Working from the entries that follow, transcribe exactly and only the lines from the one with "Condo in Los" through the last, pictures excluded.

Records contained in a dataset
──────────

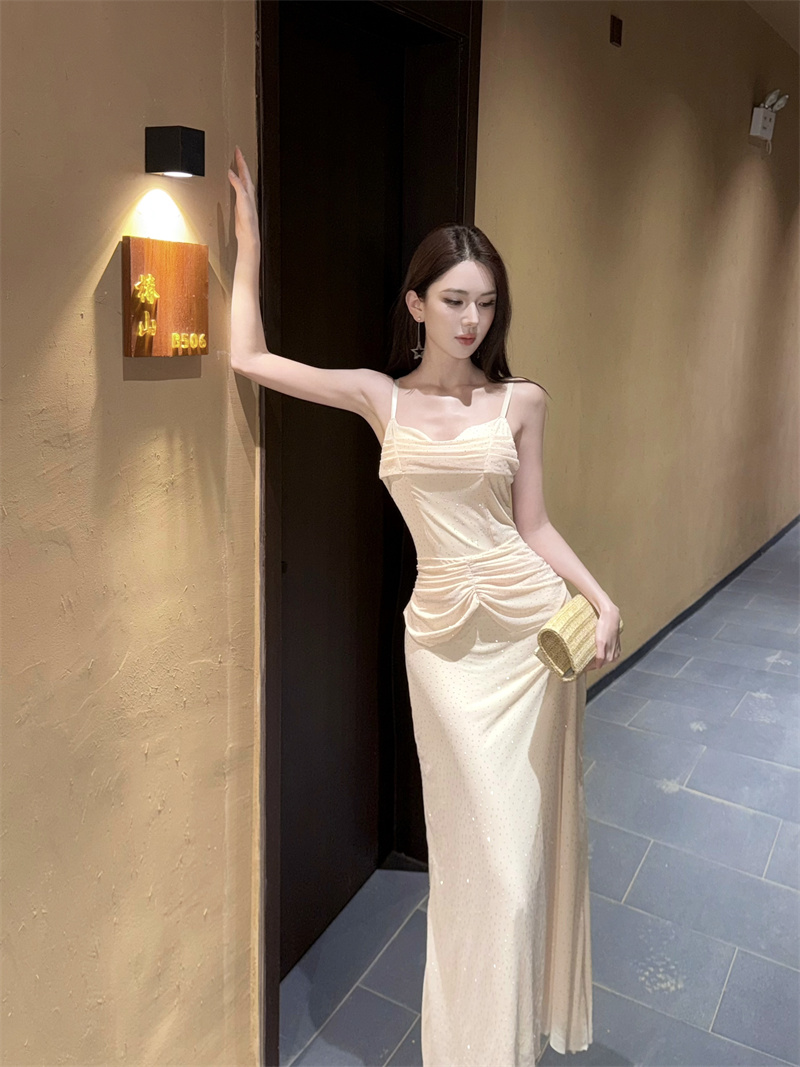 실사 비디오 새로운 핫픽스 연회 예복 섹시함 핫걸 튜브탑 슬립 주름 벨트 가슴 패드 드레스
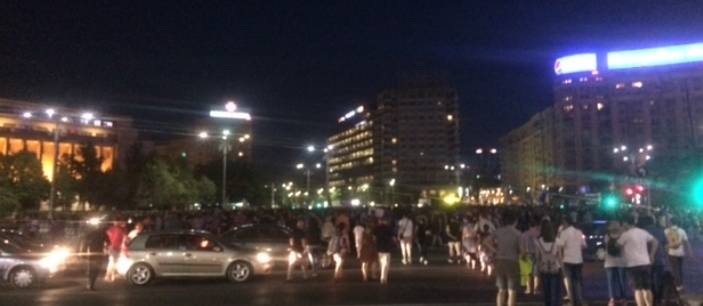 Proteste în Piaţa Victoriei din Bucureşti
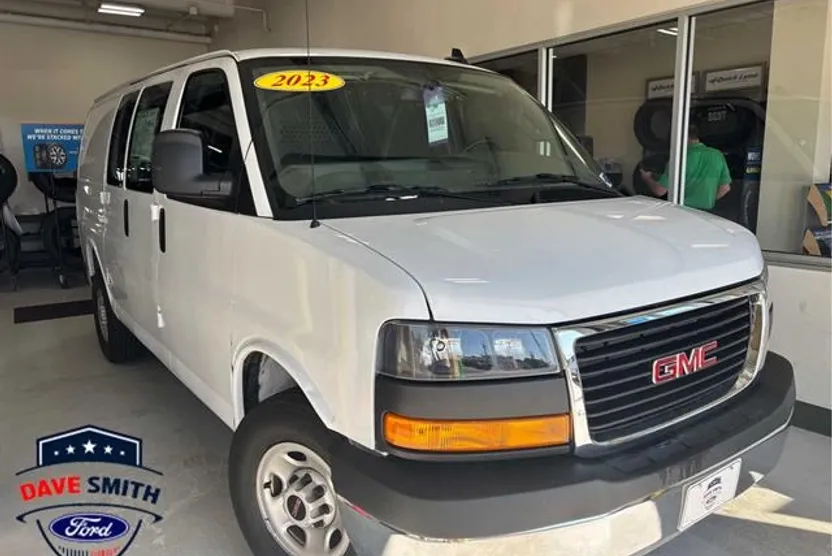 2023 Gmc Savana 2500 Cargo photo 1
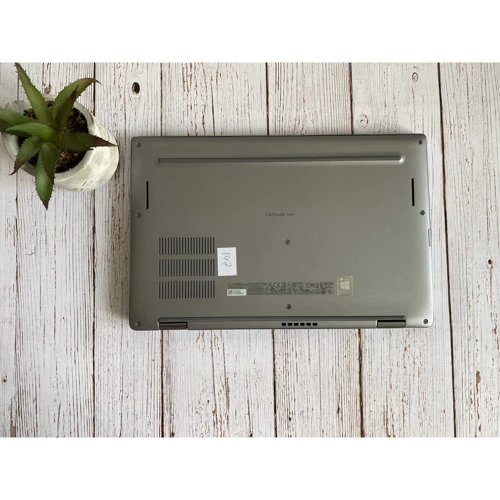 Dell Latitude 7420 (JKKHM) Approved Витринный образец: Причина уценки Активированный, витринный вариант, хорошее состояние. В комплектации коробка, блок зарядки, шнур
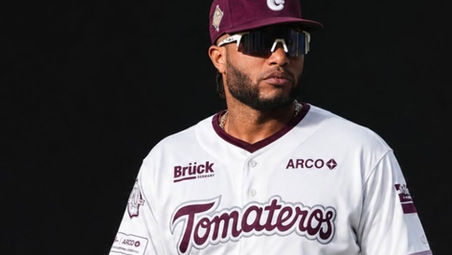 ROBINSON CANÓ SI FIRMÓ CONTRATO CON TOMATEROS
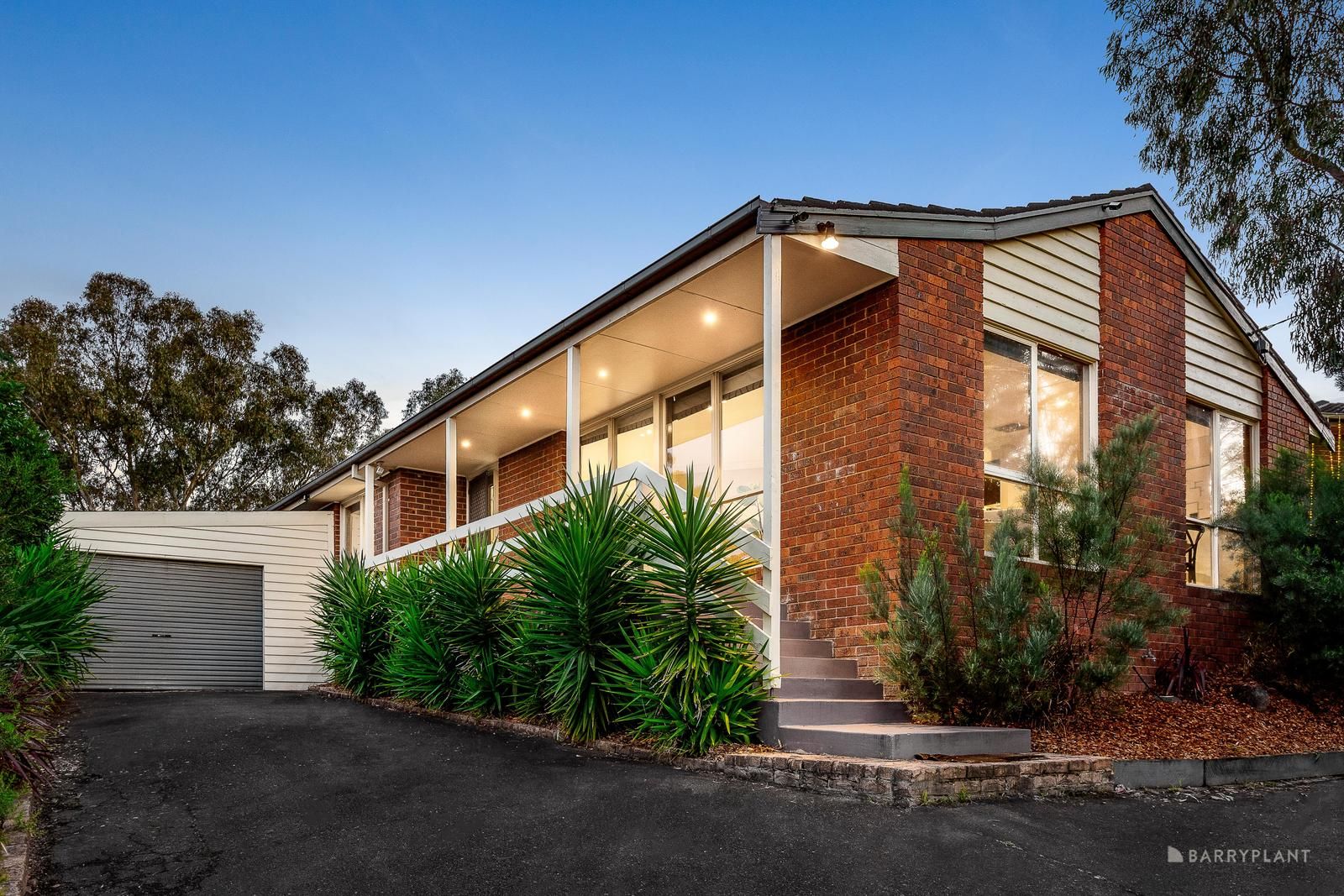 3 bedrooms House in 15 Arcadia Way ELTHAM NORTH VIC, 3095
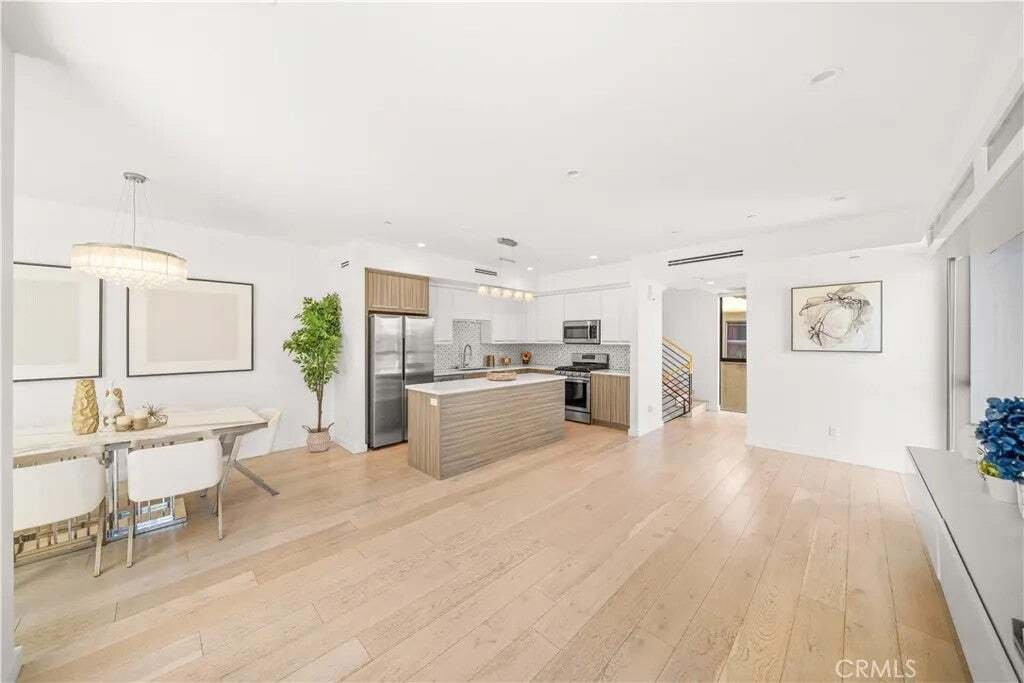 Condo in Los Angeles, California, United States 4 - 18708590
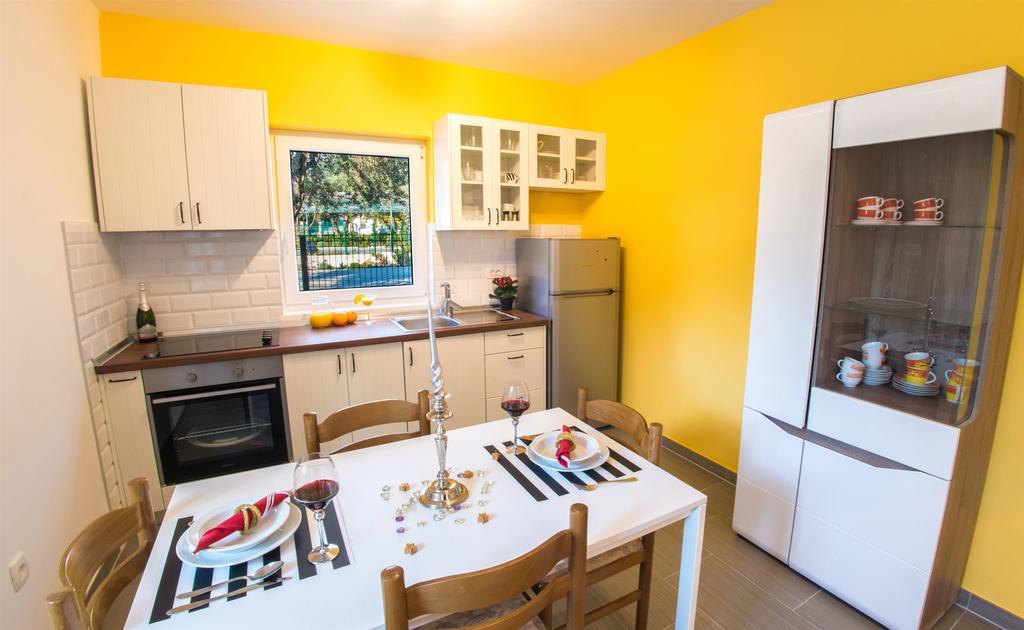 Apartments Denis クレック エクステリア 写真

──────────

**Exercise output**
 Condo in Los Angeles, California, United States 4 - 18708590
 Apartments Denis クレック エクステリア 写真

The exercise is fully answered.